What is being asked:
Copy the lines below exactly. Start at the first and finish with the line containing "1810 SW 170th St, Leon, KS 67074".

Provided records:

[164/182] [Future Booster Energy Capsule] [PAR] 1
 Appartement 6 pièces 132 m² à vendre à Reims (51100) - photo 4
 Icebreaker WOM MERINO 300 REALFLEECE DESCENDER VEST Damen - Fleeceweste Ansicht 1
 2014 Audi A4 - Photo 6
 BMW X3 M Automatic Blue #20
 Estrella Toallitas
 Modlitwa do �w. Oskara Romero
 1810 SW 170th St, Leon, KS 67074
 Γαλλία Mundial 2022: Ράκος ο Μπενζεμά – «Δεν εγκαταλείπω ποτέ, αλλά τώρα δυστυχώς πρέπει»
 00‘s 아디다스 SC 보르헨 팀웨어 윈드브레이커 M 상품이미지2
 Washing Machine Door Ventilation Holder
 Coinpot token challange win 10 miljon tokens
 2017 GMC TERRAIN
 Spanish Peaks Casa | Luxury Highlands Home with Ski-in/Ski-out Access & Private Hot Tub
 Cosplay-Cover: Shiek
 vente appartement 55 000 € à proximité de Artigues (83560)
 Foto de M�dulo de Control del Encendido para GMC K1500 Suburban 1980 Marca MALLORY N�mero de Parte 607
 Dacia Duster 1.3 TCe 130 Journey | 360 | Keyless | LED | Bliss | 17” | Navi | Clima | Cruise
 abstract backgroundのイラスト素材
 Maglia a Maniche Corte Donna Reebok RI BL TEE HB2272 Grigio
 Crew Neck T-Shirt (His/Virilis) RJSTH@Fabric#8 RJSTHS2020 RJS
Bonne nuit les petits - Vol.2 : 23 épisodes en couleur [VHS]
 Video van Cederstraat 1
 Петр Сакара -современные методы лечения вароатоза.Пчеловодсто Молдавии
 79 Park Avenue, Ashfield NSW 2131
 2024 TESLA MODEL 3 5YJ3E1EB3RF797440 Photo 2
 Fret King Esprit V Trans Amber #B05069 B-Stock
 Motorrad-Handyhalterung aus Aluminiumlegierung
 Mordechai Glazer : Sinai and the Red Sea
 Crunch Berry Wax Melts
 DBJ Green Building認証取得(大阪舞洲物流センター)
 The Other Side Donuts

Result of this task:
[164/182] [Future Booster Energy Capsule] [PAR] 1
 Appartement 6 pièces 132 m² à vendre à Reims (51100) - photo 4
 Icebreaker WOM MERINO 300 REALFLEECE DESCENDER VEST Damen - Fleeceweste Ansicht 1
 2014 Audi A4 - Photo 6
 BMW X3 M Automatic Blue #20
 Estrella Toallitas
 Modlitwa do �w. Oskara Romero
 1810 SW 170th St, Leon, KS 67074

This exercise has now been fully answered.